Sick: Nets Excited By ‘Worst Case Scenario’ After Trump Tests Positive for COVID

All three networks opened their Friday morning broadcasts eagerly promoting the idea that President Trump becomes seriously ill from the coronavirus. Immediately after he announced his positive test overnight, CNN broke in with hours of ghoulish gossip expecting the worst ,and this morning the more subdued networks floated the same possibility, even discussing Nancy Pelosi becoming the acting president if the 25th Amendment is invoked.

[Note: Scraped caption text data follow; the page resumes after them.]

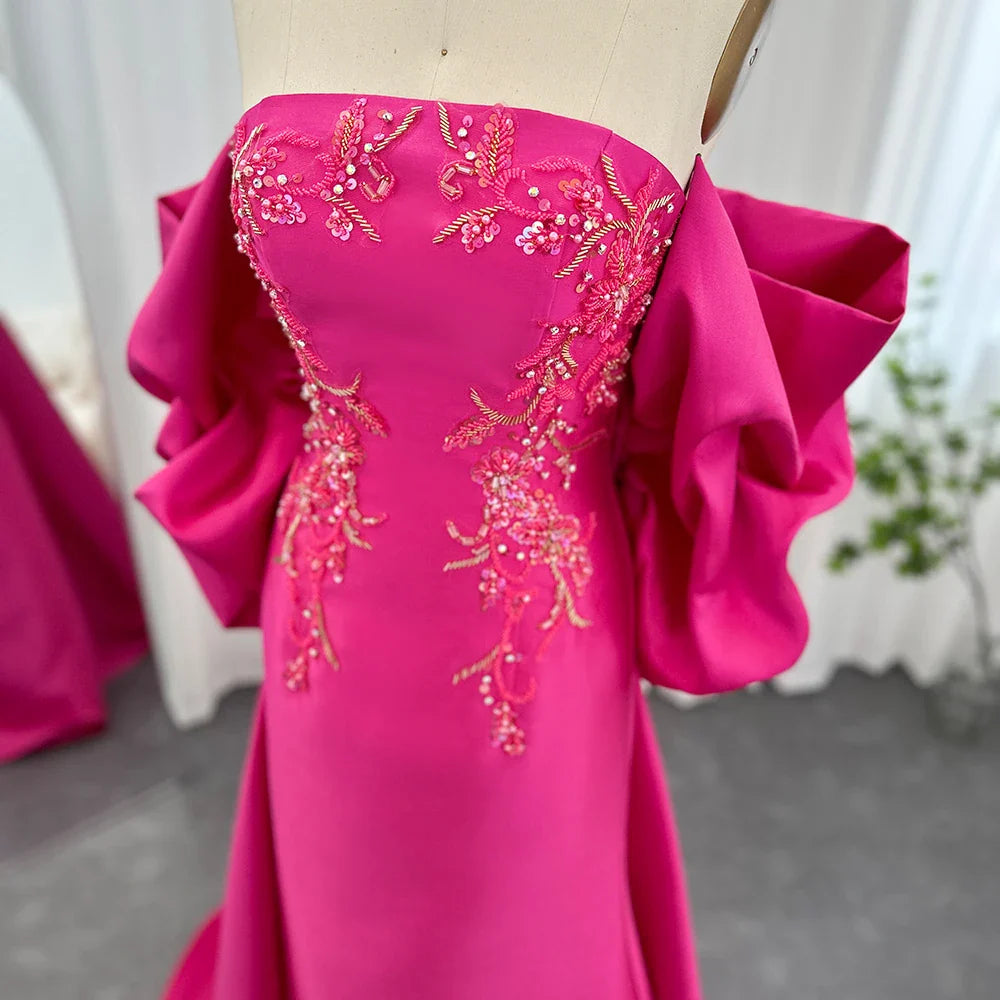 Fuchsia Mermaid Dubai Luxury Evening Dresses with Cape Shawl Arabic Women Long Wedding Party Guest Gowns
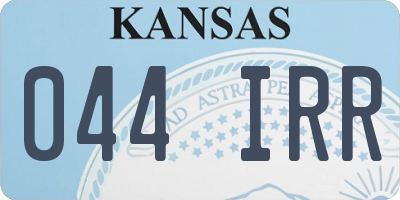KS license plate 044IRR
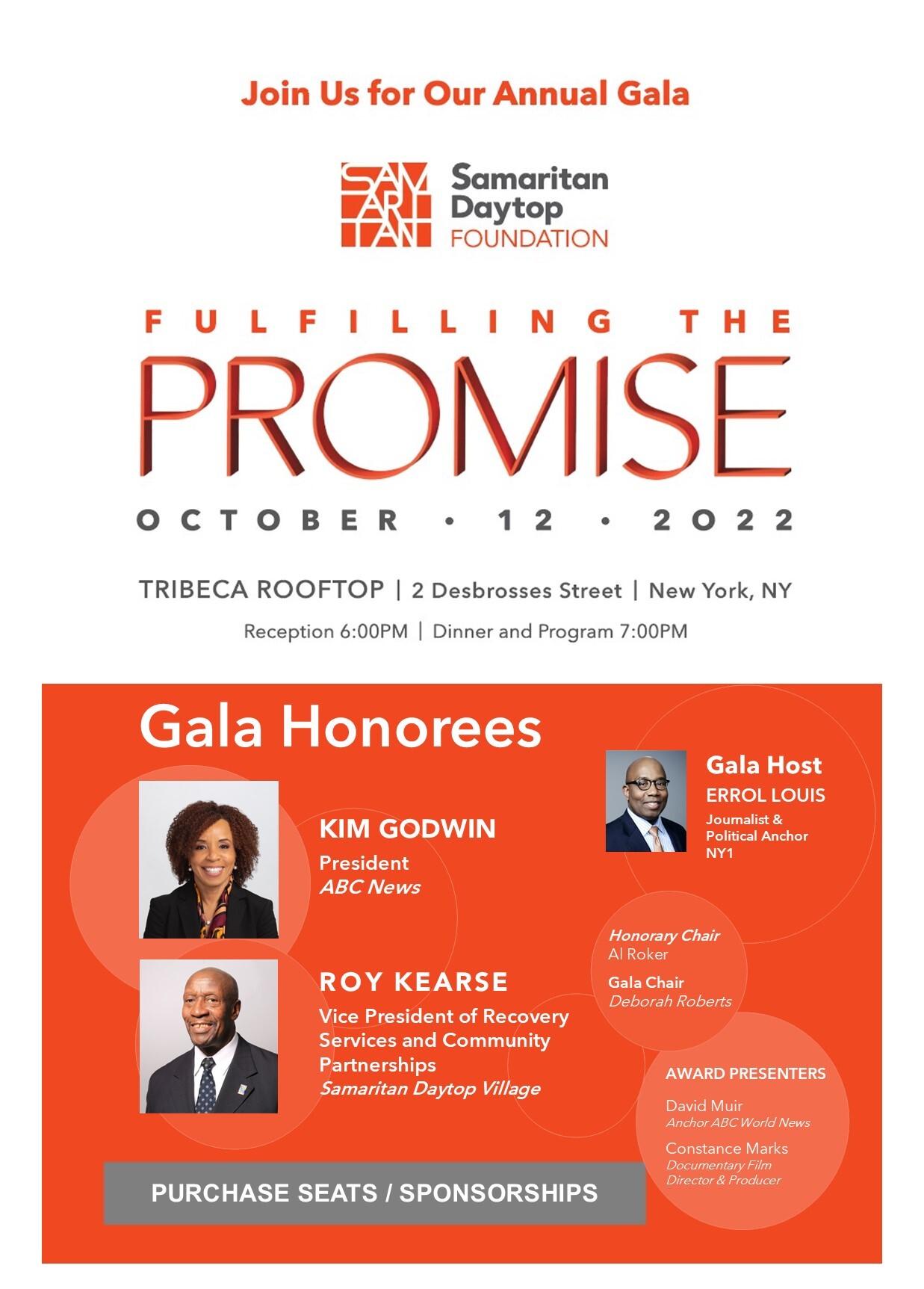 Join Samaritan Daytop Foundation for Our Annual Gala: Fulfilliing the Promise. October 12, 2022. Tribeca Rooftop 2 Desbrosses Street, New York, NY. Reception 6pm. Dinner and Program 7pm.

NBC’s Today show was the worst offender, spending several segments excited by the idea of Trump becoming  incapacitated and replaced.

Co-anchor Savannah Guthrie asked national security analyst Jeremy Bash what would happen “when you have a situation where the president may be seriously ill?” Bash hyped how Trump could become so sick he needed to be hospitalized:

First is what happened to the U.K. Prime Minister Boris Johnson where he got so sick he had to go into intensive care. If the president is incapacitated, Mike Pence, the VP would become the acting president. That’s only happened three times in recent history, Savannah.

He noted that before worrying that our enemies might take advantage of the situation.

During the 3rd Hour Today show, the hosts spend a substantial amount of time strategizing what would happen in the worst case scenario with presidential historian Michael Beschloss. You can read the full exchange in the transcript at the bottom but here are some of the most awful exchanges and questions:

MELVIN: …[I]n the past when the president has become seriously ill, what’s happened? How many times has something like this happened in our nation’s history? 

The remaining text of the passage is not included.